What do you mean by Extradition?
The Hon’ble Supreme Court of India has stated “Extradition is the delivery on the part of one state to another of those whom it is desired to deal with for crimes of which they have been accused or convicted and justifiable in the courts of the other state”. It is a subject of International law where one jurisdiction delivers a person accused or convicted of committing a crime in another jurisdiction over the new law enforcement as a result of any mutual agreement or treaty signed between them.
It is a cooperative law enforcement process between the two jurisdictions and is largely dependent on the arrangements and understanding made between them.
An extradition request for an accused can be initiated in case of under-investigation under trial and convicted criminals. Besides the legal aspects of the process, extradition also involves physical transfer of the custody of the person being extradited of the legal authority of requesting jurisdiction.
Through the process of the extradition, one sovereign jurisdiction typically makes a formal request to another sovereign jurisdiction (requesting state). If the fugitive is found within the territory of the requesting state arrest the fugitive and subject him /her to its extradition process. The process of extradition procedures to which the fugitive will be subjected to and dependent on the law and practice of the requested state.
The consensus in international law is that normally a state does not have any obligation to surrender an alleged criminal to a foreign state because one foreign state because the principle of sovereignty is that every state has legal authority over the people within its borders. Such an absence of international obligation and the desire for the right to demand such criminals from other countries have caused most of the countries to enter such agreements with the other countries.
2. What are Extradition Treaties or Agreements?
Section 2(d) of the Indian Extradition Act 1962 defines an” Extradition Treaty as a Treaty, Arrangement/ Agreement made by India with a foreign state relating to the extradition of fugitive criminals. Traditionally speaking, most of the extradition treaties are bilateral in nature. However, most of them include the following five principles which have been endorsed by many judicial pronouncements.
1. Extradition applies only with respect to offenses clearly stipulated as such in the treaty.
2. The principle of dual criminality requires that the offenses for which the extradition has been sought to be an offense under the national laws of both the jurisdictions under the extradition.
3. The requested country must be satisfied that there is a prima facie case made out against the accused /offender.
4. The extradited person must be preceded against only the offense for which his extradition has been requested.
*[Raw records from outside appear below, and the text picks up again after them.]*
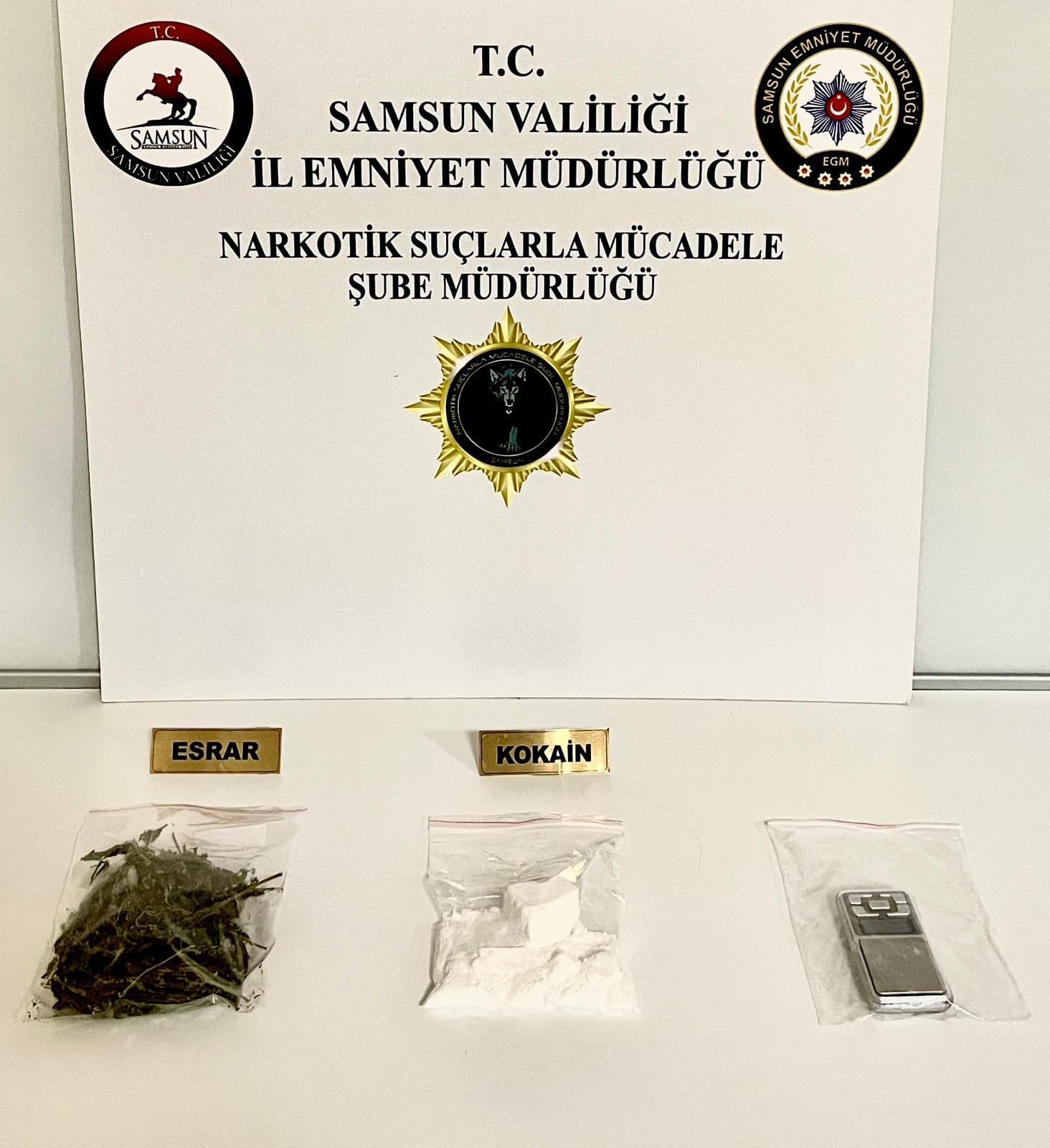 Samsun'da uyuşturucu operasyonunda 2 kişi gözaltına alındı
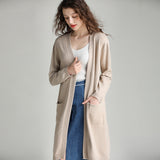 Beth Dutton Outfits Autumn Sweater Women's Inverness Mid-Length Autumn and Winter Knitted Cardigan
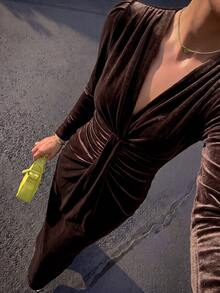 Unadoll Women Fall‑Winter Brown Velvet Midi Dress, Elegant Ruched Bodycon Long Sleeve Dress, Chic Outfit For Party, Date Night & Homecoming - Coffee - View 1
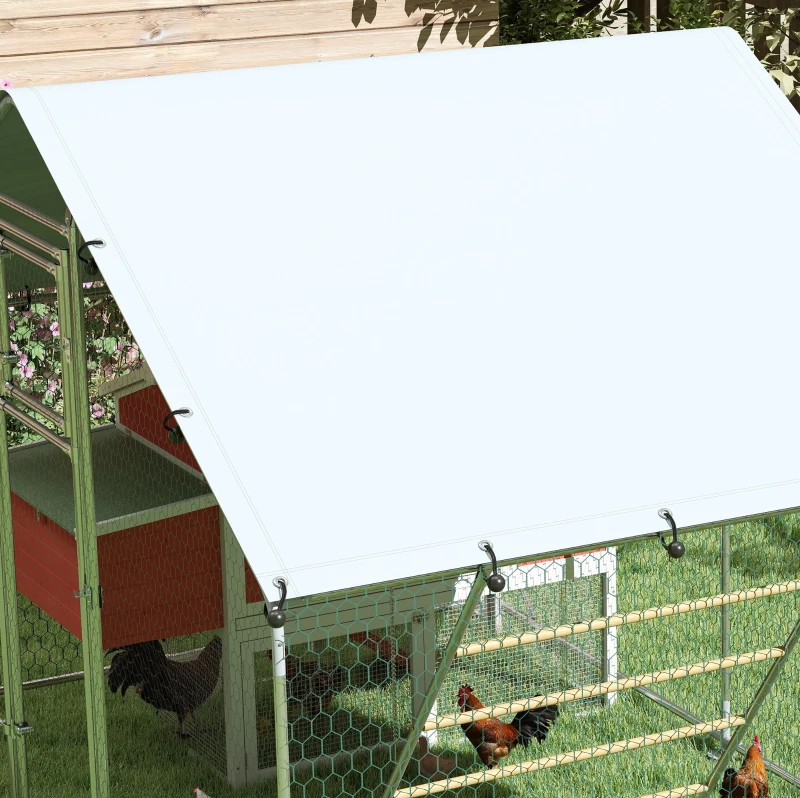 PawHut Galinheiro para Exterior 3x2 m Galinheiro de Aço Galvanizado com Comedouro Suspenso Tipo Espeto Poleiro Anti-UV Prata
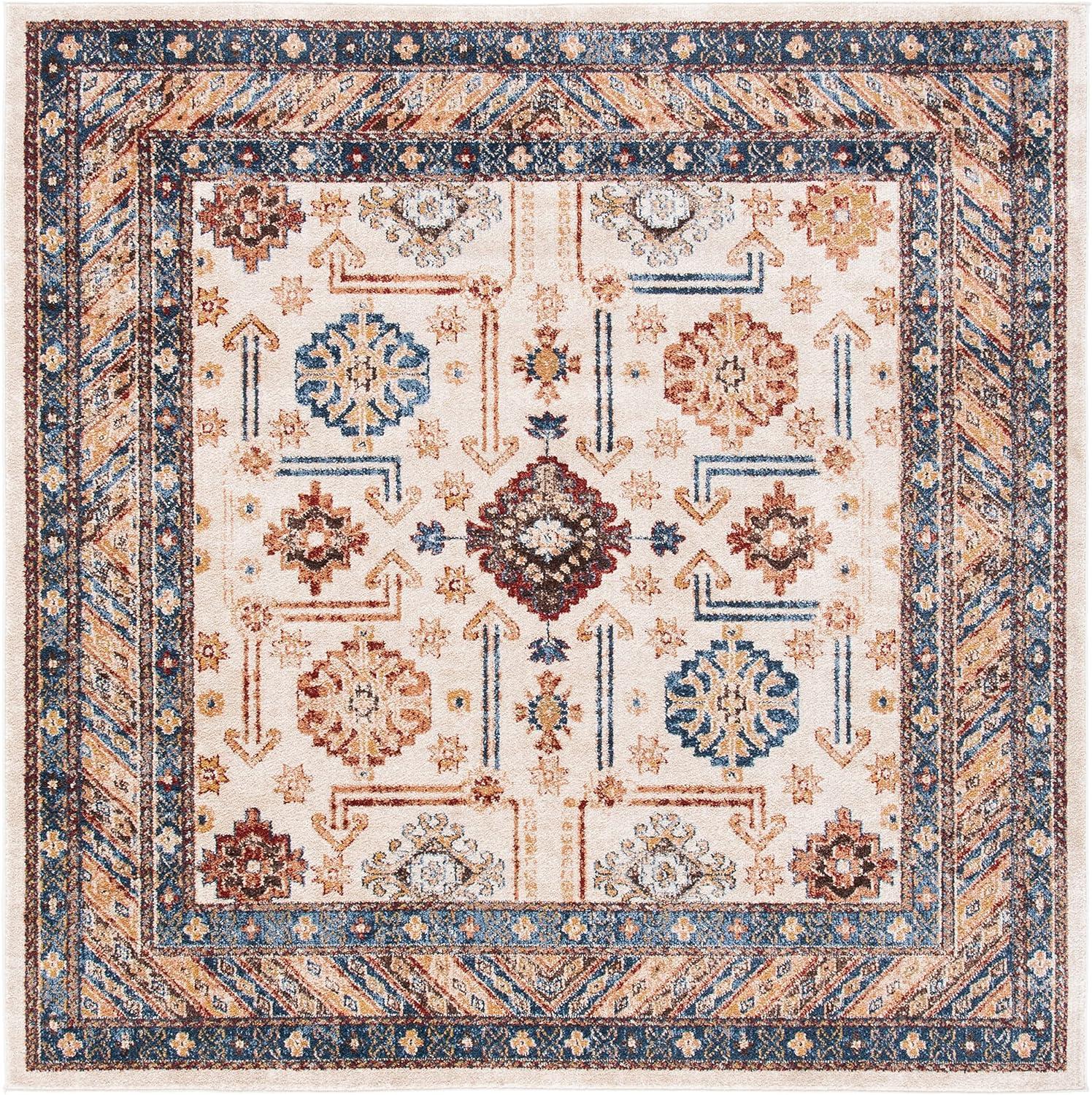 image:imageSAFAVIEH Bijar Collection Area Rug 67 x 9 Royal amp Ivory Traditional Oriental Distressed Design NonShedding amp Easy Care Ideal for High Traffic Areas in Living Room Bedroom BIJ653BIvoryBrown
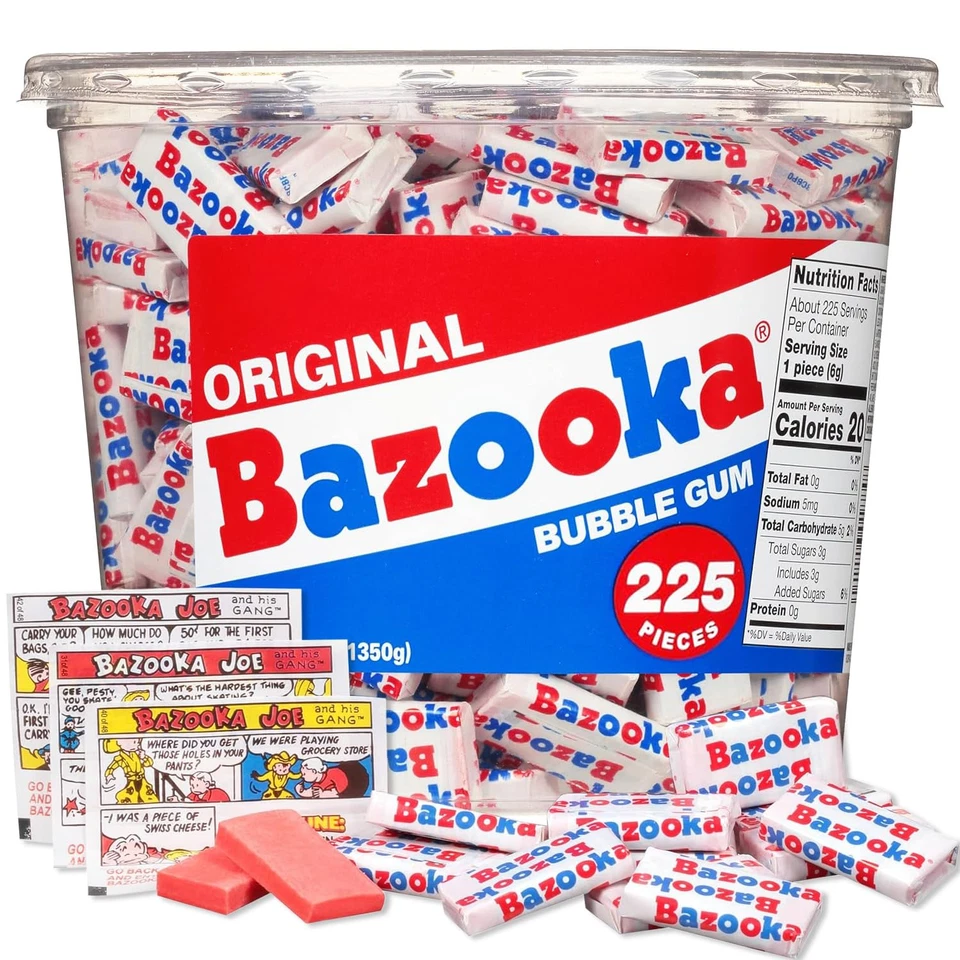 Bazooka Bubble Gum Bulk, Caramelo de Navidad a Granel, 225 unidades Tina de Chicle Indi Foto 1 de 4
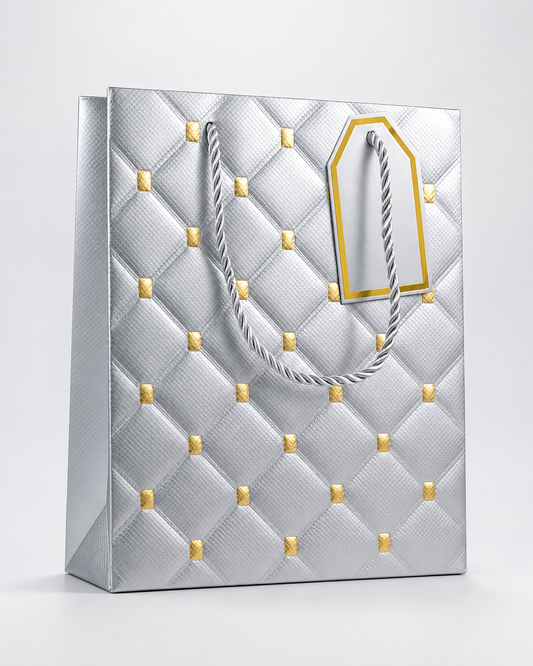 Sacola de Papel para Presente Prateada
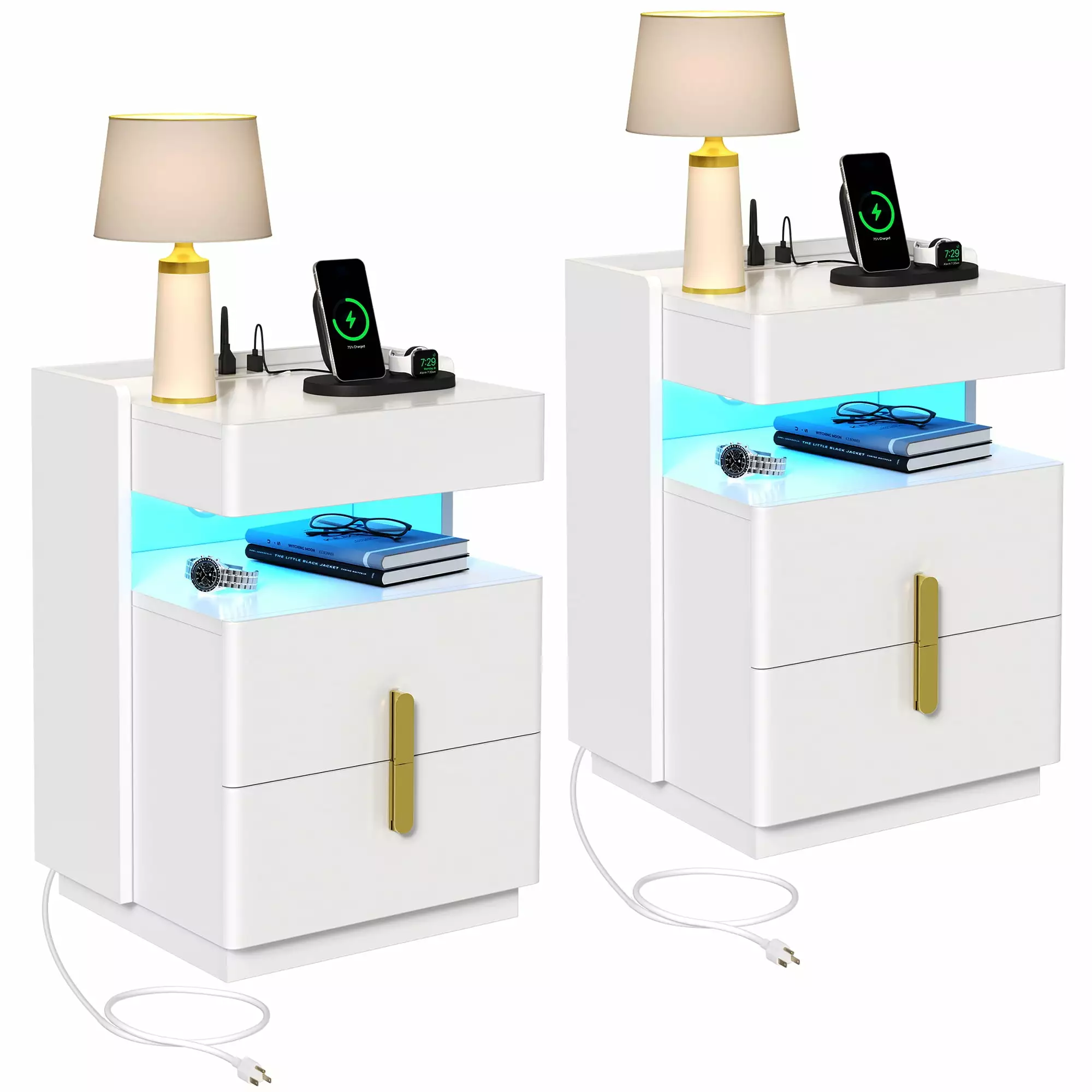 Dextrus LED Nightstand Charging Station - Intelligent Night Stands 2 Drawers Bedroom - Set 2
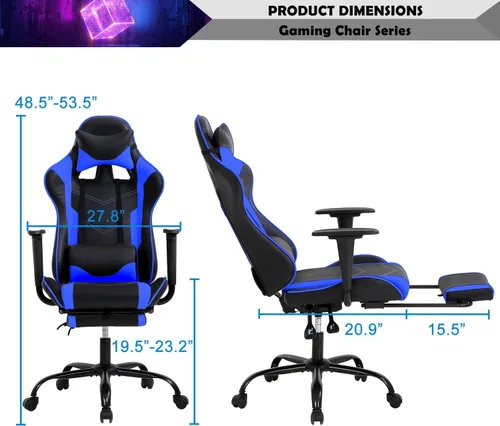 Vista 3 de Reposacabezas de soporte lumbar para computadora de PC, respaldo alto, para oficina, videojuegos, silla giratoria para niños o adultos, azul
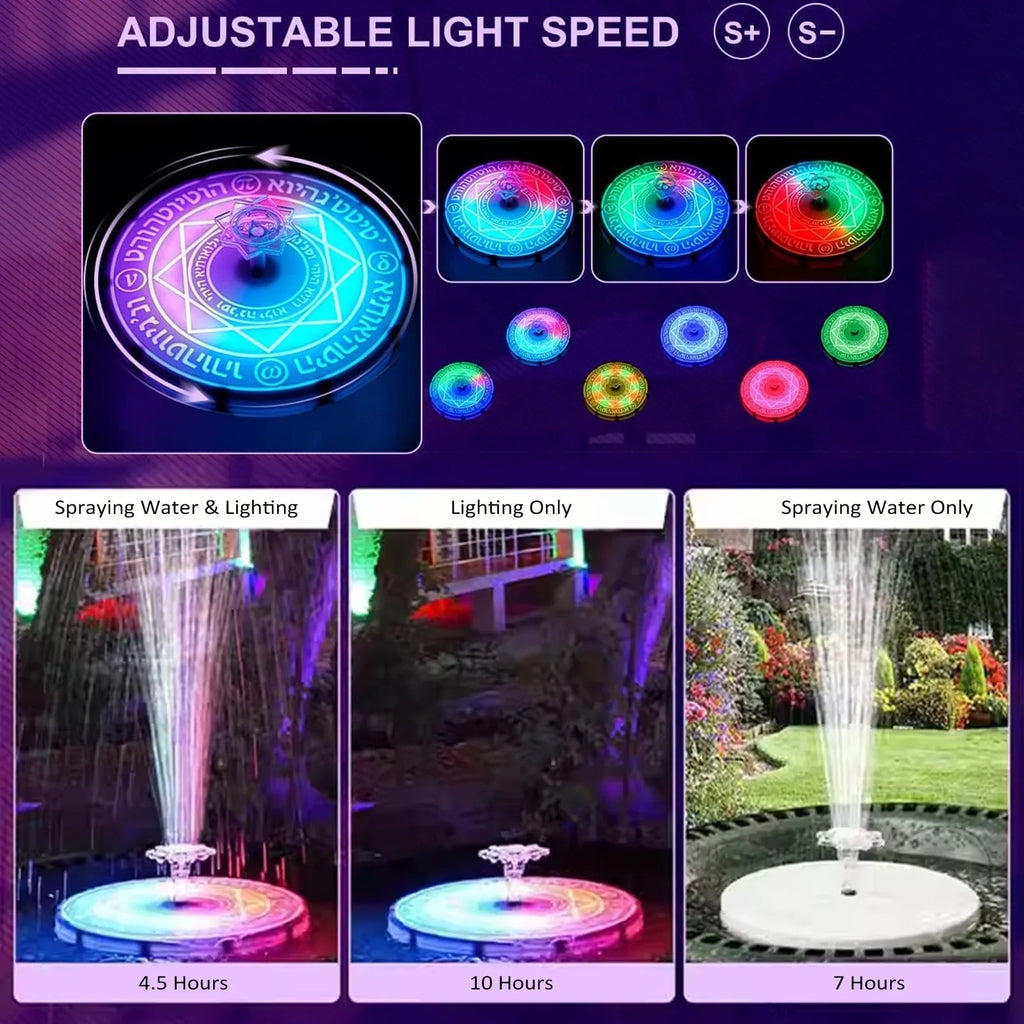 Fountain Decor Garden Pond with Solar Outdoor Light, Walmeck Control Remote LED, Bath Decoration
5. He must be accorded a fair trial taking care of the principles of natural justice
Section 31 of the Act provides the safeguards against extradition of a fugitive criminal. The said section reads as follows:
“31. Restrictions on surrender.― (1) A fugitive criminal shall not be surrendered or returned to a foreign State
(a) if the offence in respect of which his surrender is sought is of a political character or if he proves to the satisfaction of the magistrate or court before whom he may be produced or of the Central Government that the requisition or warrant for his surrender has, in fact, been made with a view to try or punish him for an offence of a political character;
(b) if prosecution for the offence in respect of which his surrender is sought is according to the law of that State barred by time;
(c) unless provision is made by that law of the foreign State or in the extradition treaty with the foreign State that the fugitive criminal shall not be determined or tried in that State for an offence other than–
(i) the extradition offence in relation to which he is to be surrendered or returned;
(ii) any lesser offence disclosed by the facts proved for the purposes of securing his surrender or return other than an offence in relation to which an order for his surrender or return could not be lawfully made; or
(iii) the offence in respect of which the Central Government has given its consent;
(d) if he has been accused of some offence in India, not being the offence for which his surrender or return is sought, or is undergoing sentence under any conviction in India until after he has been discharged, whether by acquittal or on expiration of his sentence or otherwise;
(e) until after the expiration of fifteen days from the date of his being committed to prison by the magistrate. (2) For the purposes of sub-section (1), the offence specified in the Schedule shall not be regarded as offences of a political character.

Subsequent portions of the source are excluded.